Los hechos generan miedo, porque hablan de una necesidad urgente de seguridad; generan frustración y enojo, porque queremos justicia; y generan dolor, porque un joven fue asesinado en un espacio que debería ser seguro. Michael White (2015), desde la práctica narrativa, nos recuerda que podemos asumir responsabilidad sin “totalizarnos” como malas personas, o ayudar. a las personas perpetradoras de violencia a que asuman su responsabilidad, (resguardadas para que no hagan daño en el inter, con el uso protectivo de la fuerza) sin totalizarlas como 'malas personas'. Lo mismo aplica a la sociedad: podemos reconocer que, al privilegiar narrativas punitivas y de exclusión, también impactamos y dejamos huellas, que no nos permiten avanzar y movernos de la violencia que ya existe y sigue generando dolores fuertes.


Si nos quedamos en el miedo, el dolor y la ira sin validarlos, sin conectarlos a necesidades y hacer procesos terapéuticos con ello, lo llevamos al 'ojo por ojo'… y lo único que hacemos es reforzar la violencia. Probablemente seguimos reforzando prácticas violentas y punitivas. Pero si somos capaces de reconocer vulnerabilidades —la pérdida de un hijo, el anhelo de seguridad, la frustración por una sociedad desigual— podemos abrir caminos para mediar y transformar. Como señala Josep Redorta, detrás de todo conflicto hay dimensiones de autoestima, identidad y legitimación que reclaman ser vistas.

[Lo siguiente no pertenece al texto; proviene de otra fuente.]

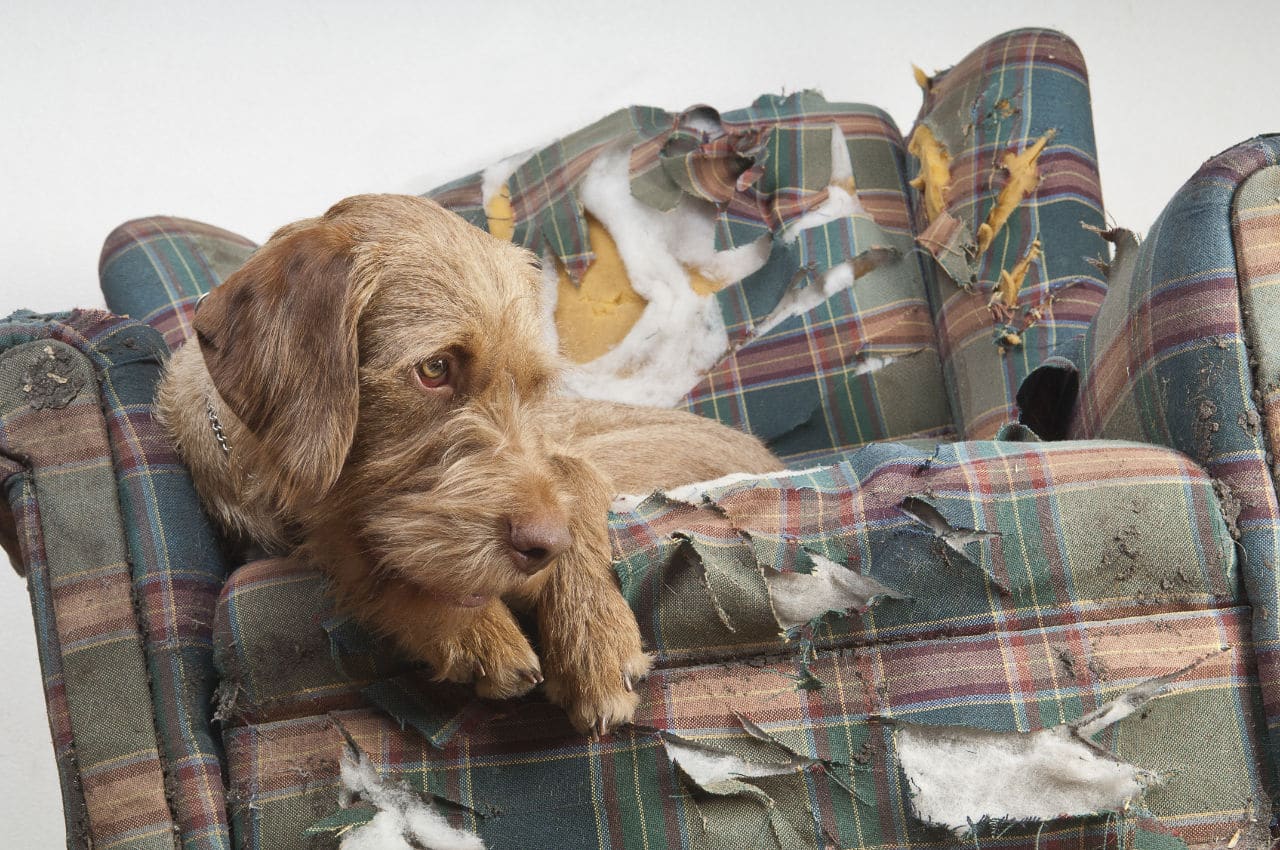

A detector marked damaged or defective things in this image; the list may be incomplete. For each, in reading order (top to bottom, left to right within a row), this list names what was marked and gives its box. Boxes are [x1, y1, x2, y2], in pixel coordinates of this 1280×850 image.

fabric tear [762, 555, 906, 627]
fabric tear [896, 655, 1213, 829]
fabric tear [330, 747, 483, 850]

Hacernos cargo: un reto colectivo

Hacernos cargo no significa justificar ni relativizar la violencia, sino reconocer los impactos, validarlos, y a acompañar a las personas perpetradoras para averiguar de dónde vienen esas estrategias que lastiman a otras personsa, para que puedan asumir responsabilidades y buscar reparar el daño sin reproducir dinámicas de abuso o explotación. Esto puede incluir procesos psicoterapéuticos, apoyos comunitarios y una revisión seria de cómo las instituciones educativas y sociales abordan la salud mental, el bullying y la cultura patriarcal que atraviesa estas violencias.

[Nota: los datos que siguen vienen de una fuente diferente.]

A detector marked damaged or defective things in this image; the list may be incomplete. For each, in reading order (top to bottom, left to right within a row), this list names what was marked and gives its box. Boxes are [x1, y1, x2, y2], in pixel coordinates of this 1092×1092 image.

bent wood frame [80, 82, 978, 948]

El caso del CCH Sur nos recuerda que los conflictos dejan huellas: tanto en quienes reciben el daño como en quienes lo generan y en la sociedad entera. Hacernos cargo, desde la mirada de Nussbaum y Sen, de quienes hablamos a menudo en este blog, es crear condiciones para todas las personas que nos permitan vivir con dignidad, reparar el daño y evitar que nuevas generaciones se vean reclutadas en narrativas de odio, misoginia y resentimiento.


✍️ A modo de Conclusiones

Lo que ocurrió en el CCH Sur no puede reducirse a un acto aislado de maldad individual. Es un espejo de nuestras carencias como sociedad: en seguridad, en cuidado emocional, en construcción de vínculos. El reto es salir del círculo de premios y castigos, reconocer los impactos y atrevernos a construir respuestas que protejan, reparen y transformen, en lugar de profundizar la violencia que tanto nos duele.

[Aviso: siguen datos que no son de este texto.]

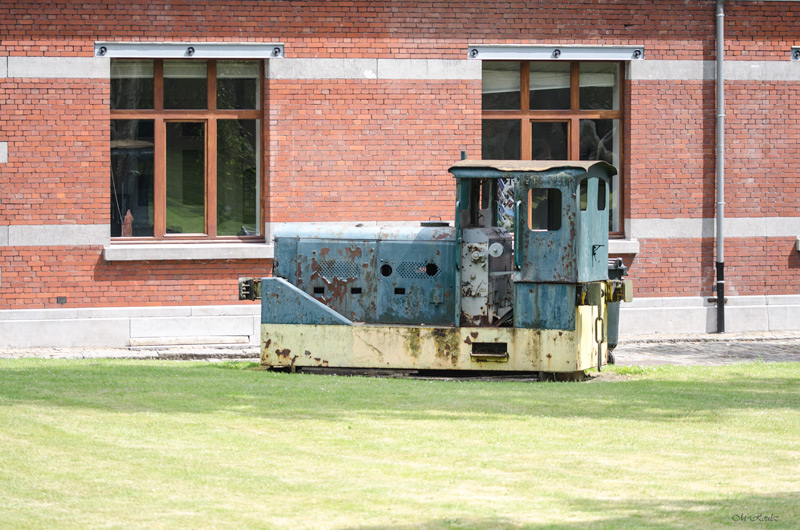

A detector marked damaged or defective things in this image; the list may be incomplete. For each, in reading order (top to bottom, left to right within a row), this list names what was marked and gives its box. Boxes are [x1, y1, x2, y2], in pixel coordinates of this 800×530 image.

rusty locomotive [238, 159, 632, 374]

Te dejo un abrazo pendiente, esperando que estas reflexiones nos ayuden a procesar nuestros impactos mutuos, o comenzar a hacerlos visibles y hacernos cargo de los mismos.


Referencias


*Entelman, R. F., (2002). Teoría de Conflictos: Hacia un nuevo paradigma. Barcelona: Gedisa.

*Moore, C. (1995). El proceso de mediación. Métodos prácticos para la resolución de conflictos. Buenos Aires: Granica.

*Kashtan, Inbal (2003). Ser padres desde el corazón. Editorial Acanto.

*Kohn, Alfie. (2018). Motivar sin premios ni castigos. Cristiandad Editorial.

*Nussbaum, M. (1999). Women and equality: The capabilities approach. International Labour Review, 138(3), 227–245. https://doi.org/10.1111/j.1564-913X.1999.tb00386.x

*Pondy, L. R. (1967): «Organizational conflict: concepts and models». Administrative Science Quarterly, XII, pp. 296-320.

*Redorta, J. (2004). Cómo analizar los conflictos. La tipología de conflictos como herramienta de media- ción. Barcelona: Paidós Ibérica

*White, Michael. (2015). Práctica narrativa: La conversación continua. Pranas Chile Ediciones.